Il rapporto è stato presentato all’inviato speciale sulle violenze sessuali nelle zone di conflitto e mette in luce il ricorso sistematico allo stupro e agli abusi sessuali nei confronti sia di uomini che di donne. Le autrici del rapporto, Klar-Chalamish e Noga Berger, hanno analizzato dati pubblici e riservati, testimonianze ed interviste a medici e al personale che ha prestato il primo soccorso alle vittime dell’attentato. Sono stati pubblicati solo dettagli provenienti da fonti considerate attendibili. Le principali aree in cui si sarebbero verificati episodi di violenza sessuale sono i kibbutz, l’area in cui si stava svolgendo il Supernova festival, le basi militari a cui si aggiungono gli abusi sessuali subiti dagli ostaggi nella Striscia di Gaza. L’indagine pubblicata riporta che molti stupri sono avvenuti con la collaborazione di più di un terrorista e a volte di fronte ad un pubblico di partner, familiari o amici, per aumentare il dolore e l’umiliazione di tutti i presenti.
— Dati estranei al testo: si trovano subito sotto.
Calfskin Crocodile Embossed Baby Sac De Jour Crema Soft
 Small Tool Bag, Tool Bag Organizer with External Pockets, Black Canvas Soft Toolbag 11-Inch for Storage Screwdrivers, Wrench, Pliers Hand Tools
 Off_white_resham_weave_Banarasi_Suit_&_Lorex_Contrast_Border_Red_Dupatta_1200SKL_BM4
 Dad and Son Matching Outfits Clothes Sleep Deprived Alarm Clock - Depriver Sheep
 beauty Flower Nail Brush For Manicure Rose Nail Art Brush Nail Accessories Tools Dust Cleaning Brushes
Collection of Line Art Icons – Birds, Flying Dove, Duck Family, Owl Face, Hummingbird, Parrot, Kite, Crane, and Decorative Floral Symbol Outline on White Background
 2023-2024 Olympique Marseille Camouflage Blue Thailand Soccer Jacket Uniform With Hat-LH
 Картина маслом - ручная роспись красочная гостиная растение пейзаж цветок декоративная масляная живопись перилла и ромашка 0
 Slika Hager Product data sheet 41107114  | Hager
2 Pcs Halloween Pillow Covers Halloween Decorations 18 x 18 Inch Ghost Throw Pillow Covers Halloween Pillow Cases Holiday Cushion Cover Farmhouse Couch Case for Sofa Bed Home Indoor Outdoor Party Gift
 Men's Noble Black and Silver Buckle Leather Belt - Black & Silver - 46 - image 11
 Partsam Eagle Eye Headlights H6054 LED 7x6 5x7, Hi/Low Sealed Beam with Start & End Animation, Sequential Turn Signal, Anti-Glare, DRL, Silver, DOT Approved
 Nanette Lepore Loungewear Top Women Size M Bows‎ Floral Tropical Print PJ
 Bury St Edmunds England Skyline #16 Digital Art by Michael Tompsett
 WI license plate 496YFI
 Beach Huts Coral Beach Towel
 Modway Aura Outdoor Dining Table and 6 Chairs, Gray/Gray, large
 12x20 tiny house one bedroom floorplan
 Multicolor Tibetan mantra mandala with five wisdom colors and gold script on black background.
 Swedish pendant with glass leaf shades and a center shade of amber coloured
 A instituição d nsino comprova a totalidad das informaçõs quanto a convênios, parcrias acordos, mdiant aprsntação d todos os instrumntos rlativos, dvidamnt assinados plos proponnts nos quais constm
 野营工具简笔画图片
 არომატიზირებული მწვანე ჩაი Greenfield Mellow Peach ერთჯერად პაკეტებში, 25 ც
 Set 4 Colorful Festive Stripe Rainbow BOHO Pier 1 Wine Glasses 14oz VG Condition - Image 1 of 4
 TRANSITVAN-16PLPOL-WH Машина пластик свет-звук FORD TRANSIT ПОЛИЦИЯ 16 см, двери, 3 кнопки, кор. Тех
Testimonianze e dati cruenti che secondo Orit Sulitzeanu, presidente dell’Associazione, «non lasciano spazio a smentite o disattenzioni. L’organizzazione terroristica di Hamas ha scelto di ferire strategicamente Israele in due modi chiari: rapendo cittadini e commettendo crimini sessuali sadici».
Tra le informazioni incluse emerge che gli stupri sarebbero stati particolarmente violenti e perpetrati con la minaccia delle armi. Molte le testimonianze raccolte comprendono i racconti di sopravvissuti che hanno assistito agli stupri da parte di più terroristi che hanno anche ferito, picchiato e poi ucciso la vittima.
«Molti dei corpi delle vittime sono stati trovati mutilati e piegati, con gli organi sessuali attaccati brutalmente e in alcuni casi anche con armi inserite al loro interno. Alcuni corpi sono stati scoperti con trappole esplosive». Inoltre, in alcuni cadaveri di donne e bambine, secondo quanto riportato dall’indagine, sono stati trovati coltelli inseriti negli organi genitali.
Tra le testimonianze raccolte vi è quella di un soccorritore, Noam Mark, che ha rinvenuto i corpi di tre giovani donne che avevano partecipato al Supernova Festival. I loro corpi sono stati scoperti in un kibbutz e riportavano evidenti segni di violenza sessuale.
Le autrici del rapporto sottolineano che «mentre le cicatrici dei nostri cuori si rifiutano di guarire e le anime delle nostre sorelle e fratelli ci gridano dalle profondità della terra, una parte significativa di coloro che consideravamo partner ha risposto nel silenzio e nella negazione di questi orrori. Vi invitiamo ad alzare la voce e a non permettere che il grido di queste vittime si affievolisca».